[DATA IN THIS EXERCISE]:
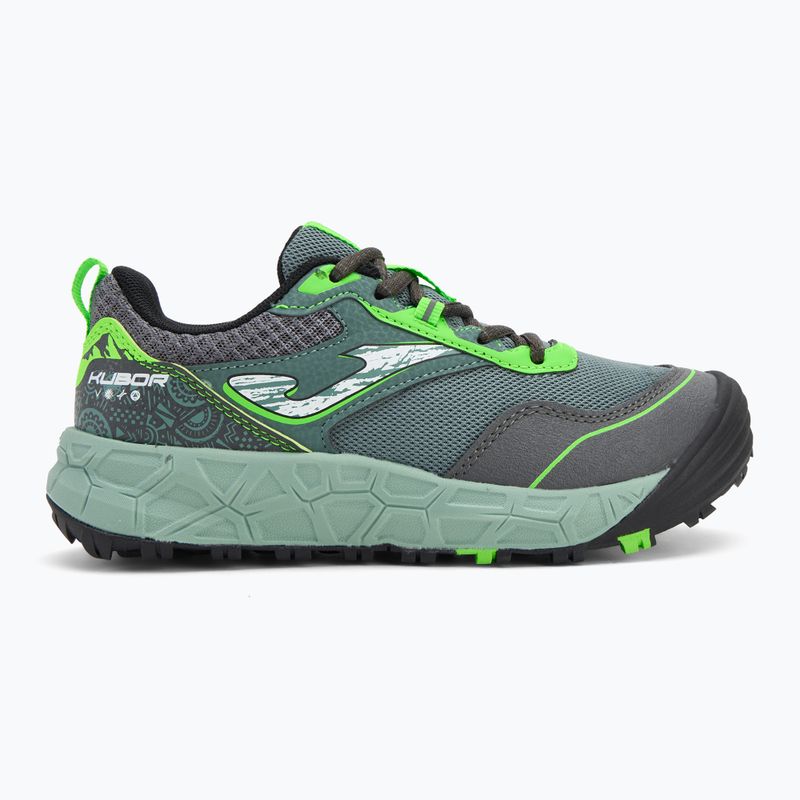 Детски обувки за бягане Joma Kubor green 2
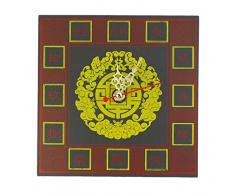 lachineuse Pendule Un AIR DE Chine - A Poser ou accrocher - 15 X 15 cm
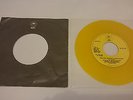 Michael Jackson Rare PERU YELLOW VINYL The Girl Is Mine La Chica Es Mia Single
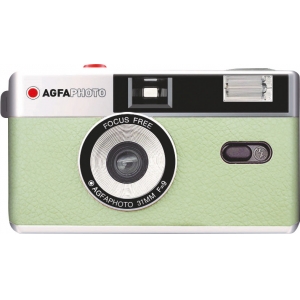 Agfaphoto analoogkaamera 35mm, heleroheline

* * *

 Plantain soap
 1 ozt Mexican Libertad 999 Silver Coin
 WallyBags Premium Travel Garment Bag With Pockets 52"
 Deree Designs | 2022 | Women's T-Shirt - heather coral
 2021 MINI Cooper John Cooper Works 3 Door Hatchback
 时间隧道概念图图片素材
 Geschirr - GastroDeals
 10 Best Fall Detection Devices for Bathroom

* * *

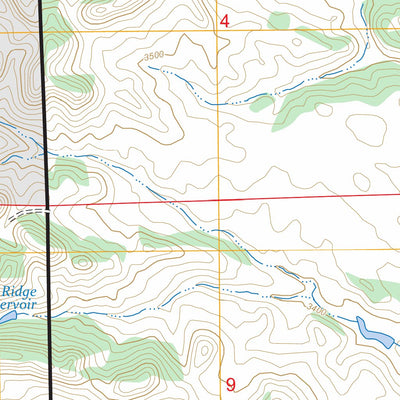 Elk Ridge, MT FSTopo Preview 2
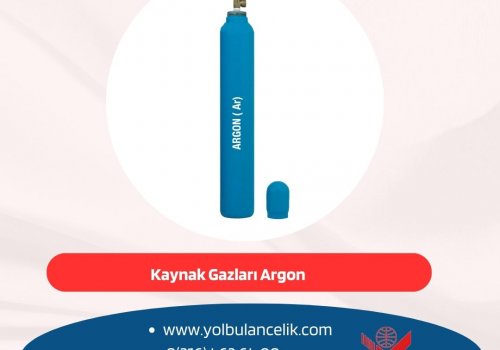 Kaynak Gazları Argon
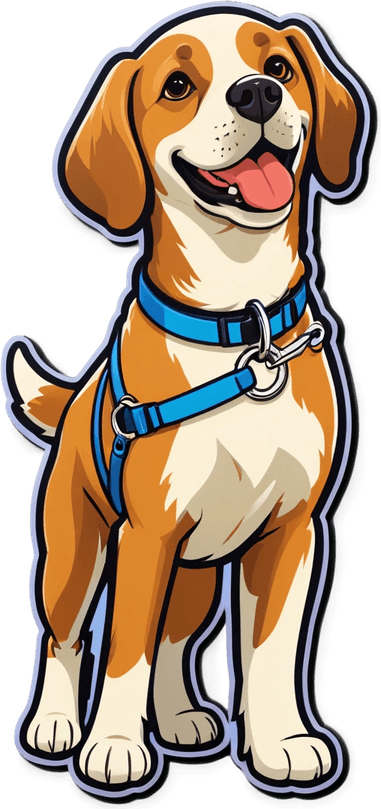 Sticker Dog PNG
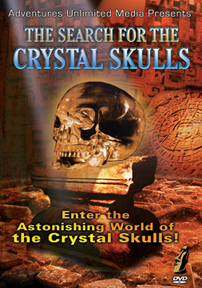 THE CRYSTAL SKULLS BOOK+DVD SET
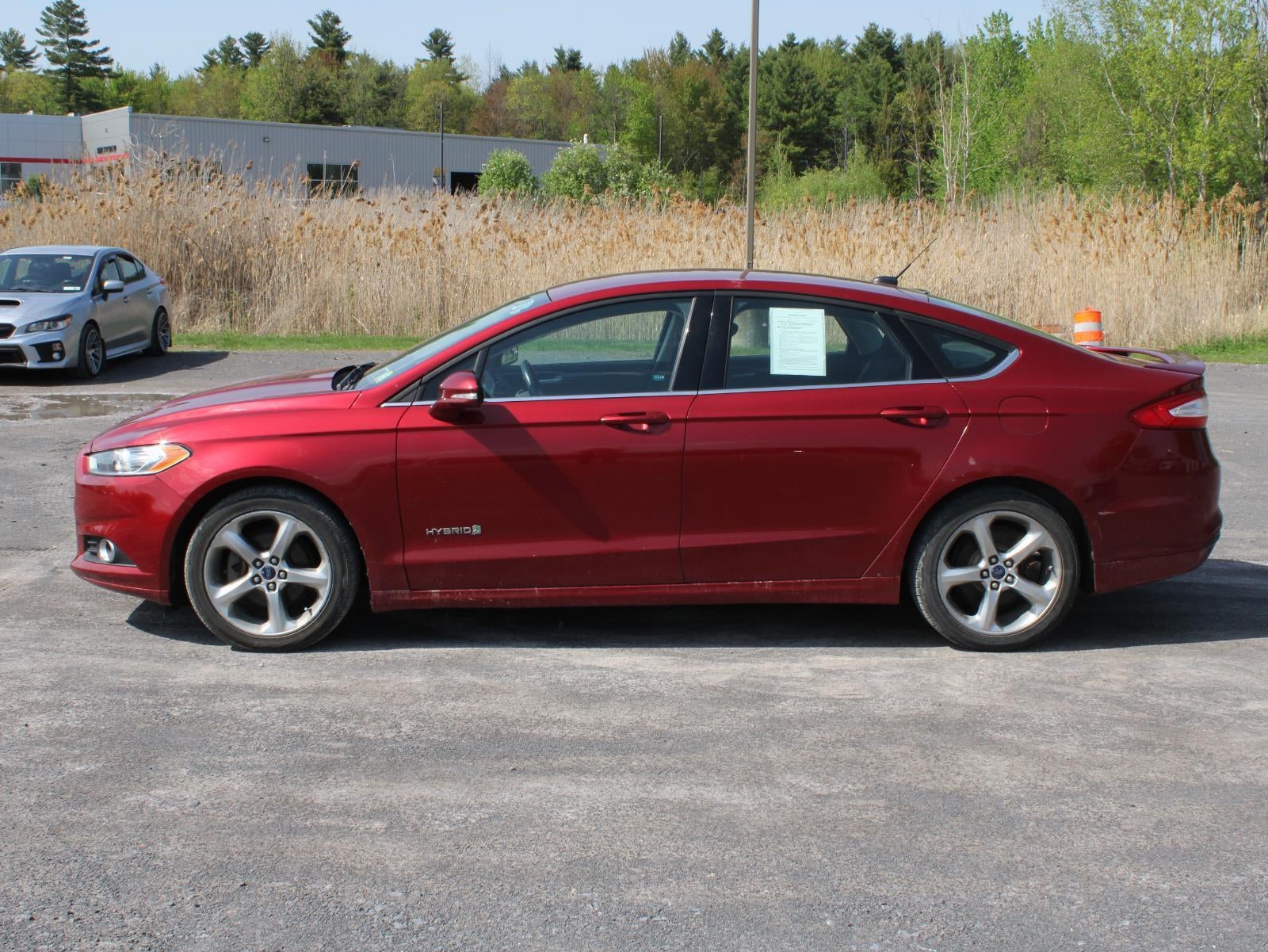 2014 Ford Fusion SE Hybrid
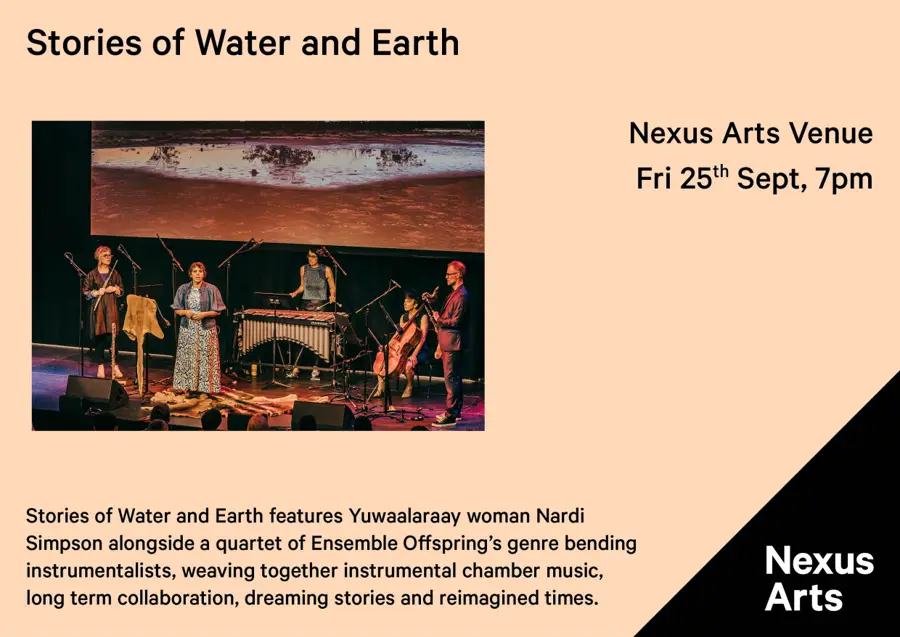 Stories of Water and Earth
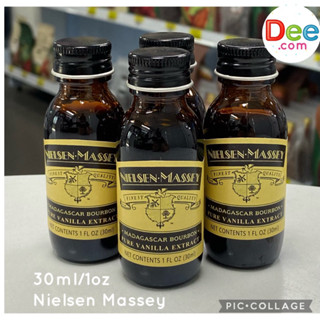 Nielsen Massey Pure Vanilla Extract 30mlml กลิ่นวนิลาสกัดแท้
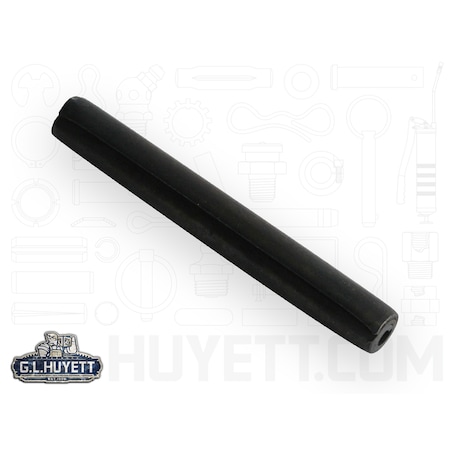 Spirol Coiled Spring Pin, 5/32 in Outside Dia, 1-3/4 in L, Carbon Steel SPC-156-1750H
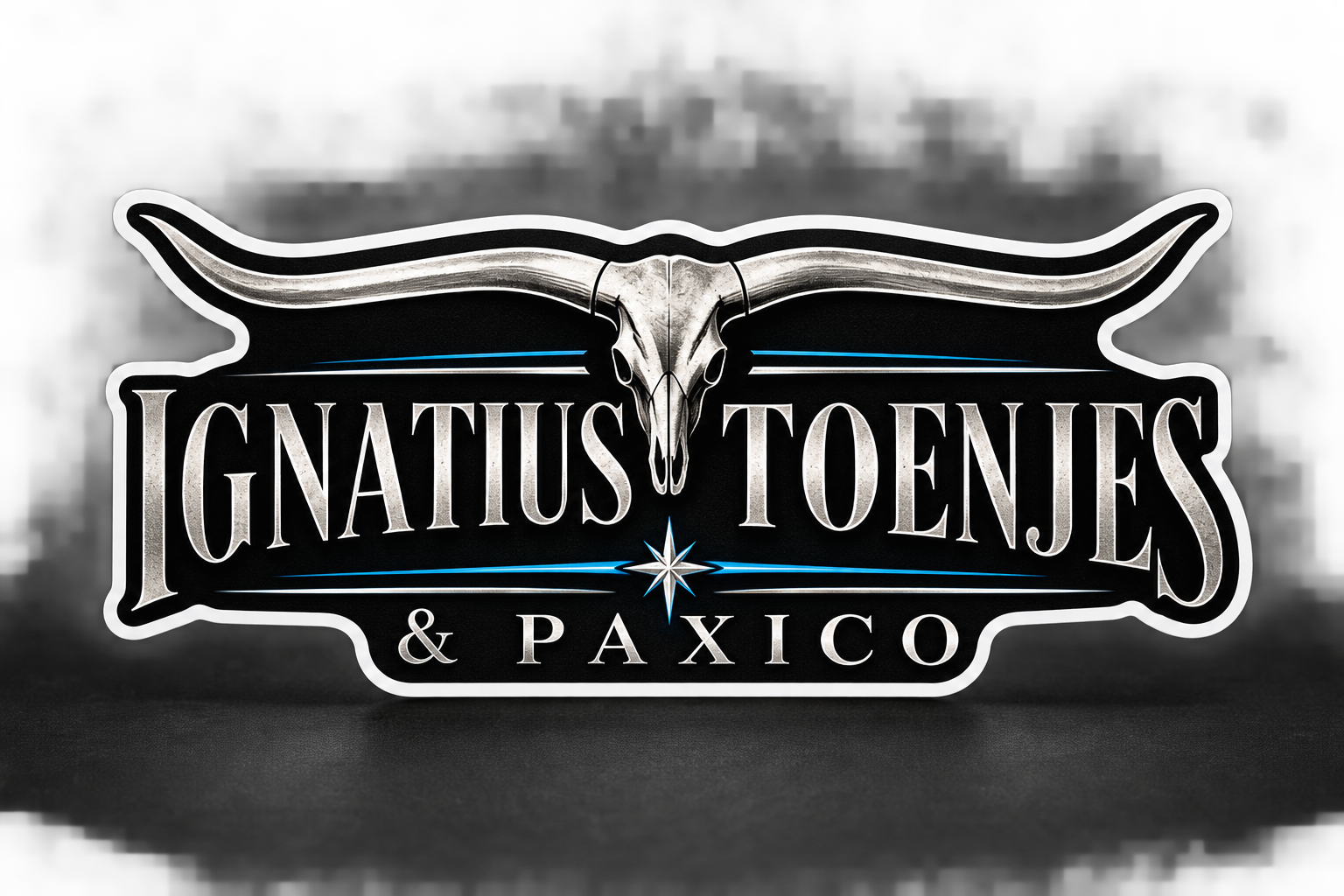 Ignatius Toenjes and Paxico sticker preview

[EXERCISE GOAL]:
Look above for the line containing "1 ozt Mexican Libertad 999 Silver Coin". Output from there through the line containing "10 Best Fall Detection Devices for Bathroom", exactly and inclusively.

[ANSWER TO THE EXERCISE]:
 1 ozt Mexican Libertad 999 Silver Coin
 WallyBags Premium Travel Garment Bag With Pockets 52"
 Deree Designs | 2022 | Women's T-Shirt - heather coral
 2021 MINI Cooper John Cooper Works 3 Door Hatchback
 时间隧道概念图图片素材
 Geschirr - GastroDeals
 10 Best Fall Detection Devices for Bathroom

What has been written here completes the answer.